EXPERIMENT_NAME = "{}_stop_signs_demo".format(USERNAME)

# Path to dataset
data_path = "/nfs/data/Road-Sign-Detection-v2-balanced-div/"

# Import third-party Python packages
import numpy as np
import requests
from mlflow.tracking import MlflowClient

# Import utils.py file
import utils

# Create random number generator
rng = np.random.default_rng(54399264723942495723666216079516778448)

## Submit and run jobs

The entrypoints that we will be running in this example are implemented in the Python source files under `src/` and the `MLproject` file.
To run these entrypoints within Dioptra's architecture, we need to package those files up into an archive and submit it to the Dioptra RESTful API to create a new job.
For convenience, the `Makefile` provides a rule for creating the archive file for this example, just run `make workflows`,

In [None]:
%%bash

# Create the workflows.tar.gz file
make workflows

To connect with the endpoint, we will use a client class defined in the `utils.py` file that is able to connect with the Dioptra RESTful API using the HTTP protocol.
We connect using the client below, which uses the environment variable `DIOPTRA_RESTAPI_URI` to figure out how to connect to the Dioptra RESTful API,

In [None]:
restapi_client = utils.DioptraClient()

We need to register an experiment under which to collect our job runs.
The code below checks if the relevant experiment exists.
If it does, then it just returns info about the experiment, if it doesn't, it then registers the new experiment.

In [None]:
response_experiment = restapi_client.get_experiment_by_name(name=EXPERIMENT_NAME)

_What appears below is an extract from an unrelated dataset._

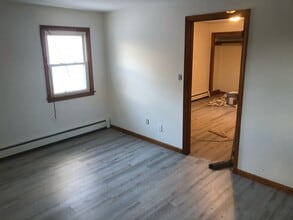 91 Lock St, Unit APT B in Nashua, NH - Building Photo - Building Photo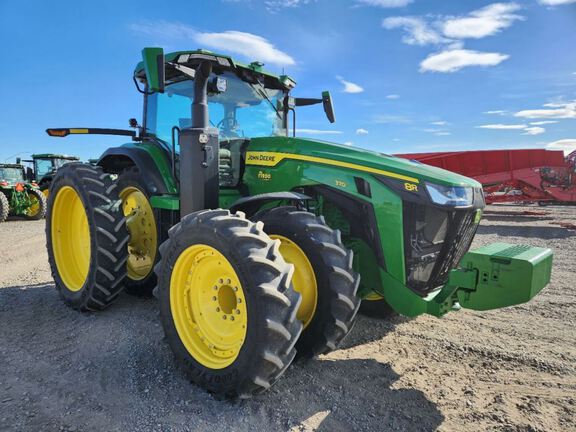 2022 John Deere 8R 370 Tractor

if response_experiment is None or "Not Found" in response_experiment.get("message", []):
    response_experiment = restapi_client.register_experiment(name=EXPERIMENT_NAME)

response_experiment

We should also check which queues are available for running our jobs to make sure that the resources that we need are available.
The code below queries the Lab API and returns a list of active queues.

In [None]:
restapi_client.list_queues()

This example also makes use of the `pytorch_d2` custom task plugin package stored locally under the `task-plugins/dioptra_custom/pytorch_d2` directory.
To register these custom task plugins, we first need to package them up into an archive.
For convenience, the `Makefile` provides a rule for creating the custom task plugins archive file, just run `make custom-plugins`,

In [None]:
%%bash

# Create the workflows.tar.gz file
make custom-plugins

Now that the `pytorch_d2` custom task plugin package is packaged into an archive file, next we register it by uploading the file to the REST API.
Note that we need to provide the name to use for custom task plugin package, this name must be unique under the custom task plugins namespace.
For a full list of the custom task plugins, use `restapi_client.restapi_client.list_custom_task_plugins()`.

In [None]:
response_custom_plugins = restapi_client.get_custom_task_plugin(name="pytorch_d2")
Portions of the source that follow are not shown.